┌──

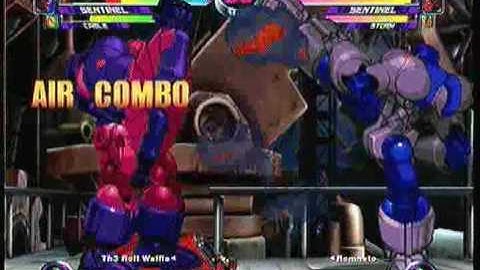 MvC2 Online (360): Th3 Rofl Waffle (Scrub) vs Brett (MSS) 7 .:11.20.09:.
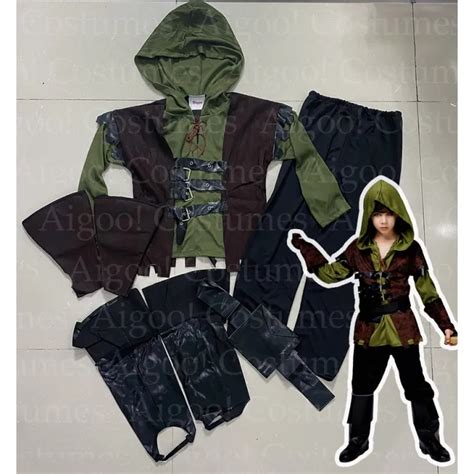 b'}Disney Robin Hood Costume for Boys Kids Halloween Book Character ...
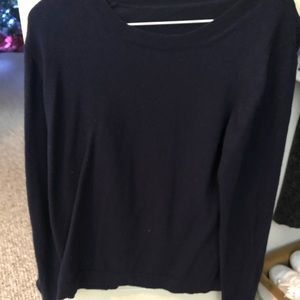 J crew navy blue sweater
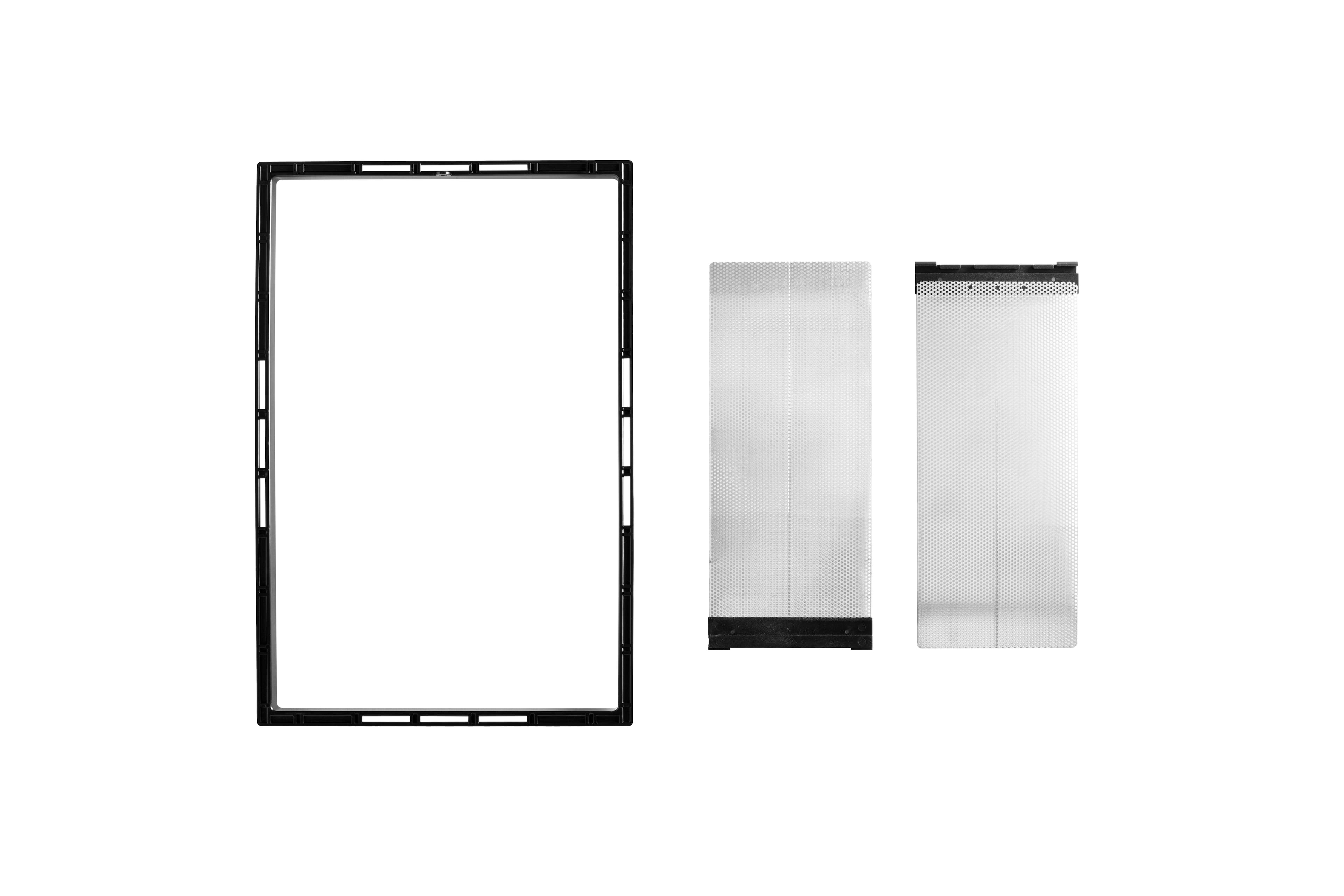 Installer marking cutout template with DW-80 bracket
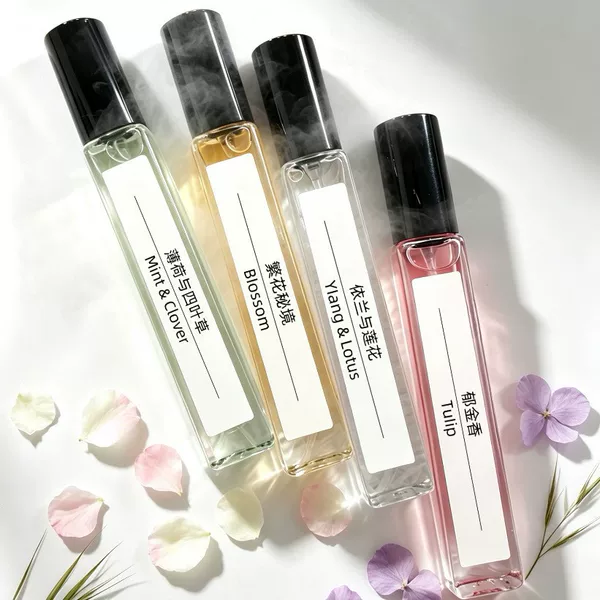 Menglus Perfume Sample Q Version Portable Edition Tiktok Internet Celebrity Live Stream Fragrance Light Scent Long-Lasting Fragrance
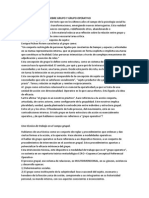 Reflexiones sobre grupo operativo y sus conceptos clave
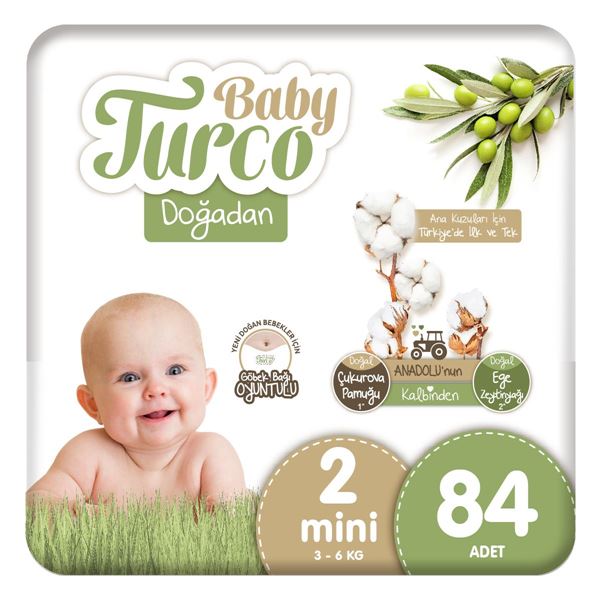 Baby Turco Doğadan 2 Numara Mini 84 Adet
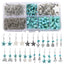 Alloy Geometric Star and Heart Shape Beads DIY Earring Kit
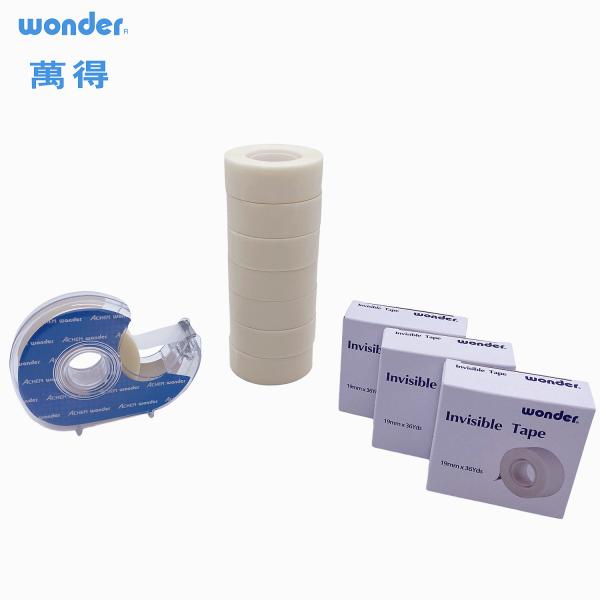 Matte BOPP Stationery Tape for Sleek Appearance and Smooth Writing on Labels and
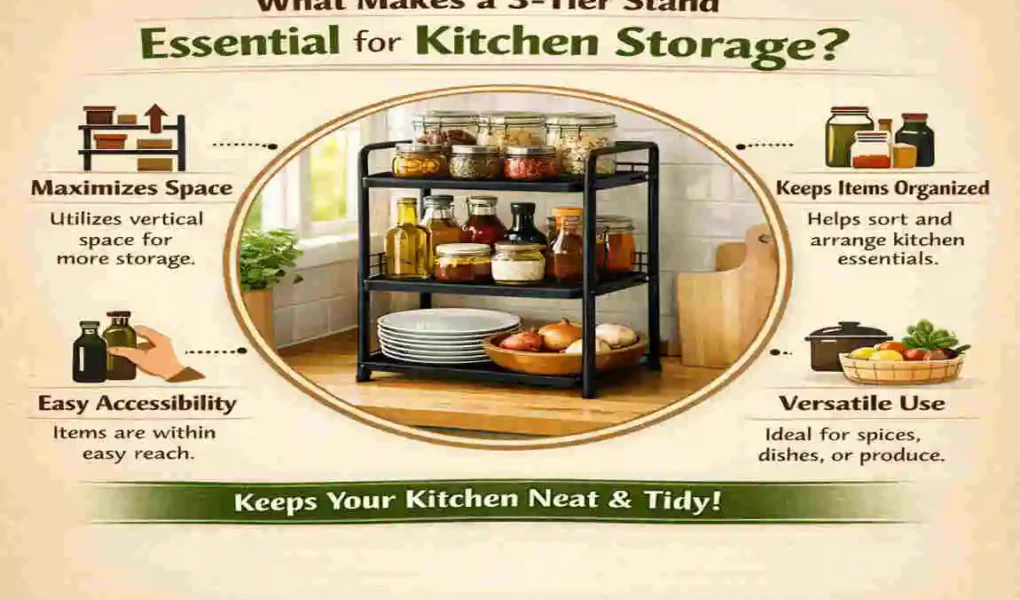 3-Tier Stand Essential for Kitchen Storage?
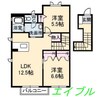 シャーメゾンエスパシオ　１番館 2LDKの間取り
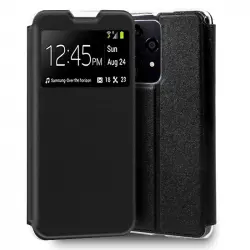 Cool Flip Cover Funda Tipo Libro Liso Negra para Honor 200 Lite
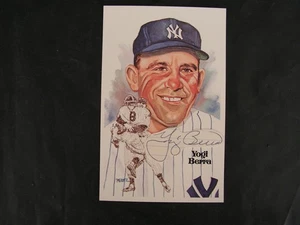 Yogi Berra Signed Perez Steele HOF Postcard Cut JSA Mint New York Yankees3 X MVP - Picture 1 of 4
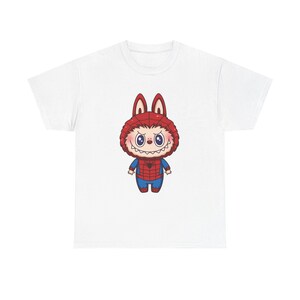 Cute Cartoon Animal Tee, Unisex Heavy Cotton Tee, Funny Graphic Shirt, Everyday Wear, Gift for Kids and Adults, Unique Fun Top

└──

[Problem] Please repeat every record above exactly, leaving the pictures out.

[Answer below]
 MvC2 Online (360): Th3 Rofl Waffle (Scrub) vs Brett (MSS) 7 .:11.20.09:.
 b'}Disney Robin Hood Costume for Boys Kids Halloween Book Character ...
 J crew navy blue sweater
 Installer marking cutout template with DW-80 bracket
 Menglus Perfume Sample Q Version Portable Edition Tiktok Internet Celebrity Live Stream Fragrance Light Scent Long-Lasting Fragrance
 Reflexiones sobre grupo operativo y sus conceptos clave
 Baby Turco Doğadan 2 Numara Mini 84 Adet
 Alloy Geometric Star and Heart Shape Beads DIY Earring Kit
 Matte BOPP Stationery Tape for Sleek Appearance and Smooth Writing on Labels and
 3-Tier Stand Essential for Kitchen Storage?
 シャーメゾンエスパシオ　１番館 2LDKの間取り
 Cool Flip Cover Funda Tipo Libro Liso Negra para Honor 200 Lite
 Yogi Berra Signed Perez Steele HOF Postcard Cut JSA Mint New York Yankees3 X MVP - Picture 1 of 4
 Cute Cartoon Animal Tee, Unisex Heavy Cotton Tee, Funny Graphic Shirt, Everyday Wear, Gift for Kids and Adults, Unique Fun Top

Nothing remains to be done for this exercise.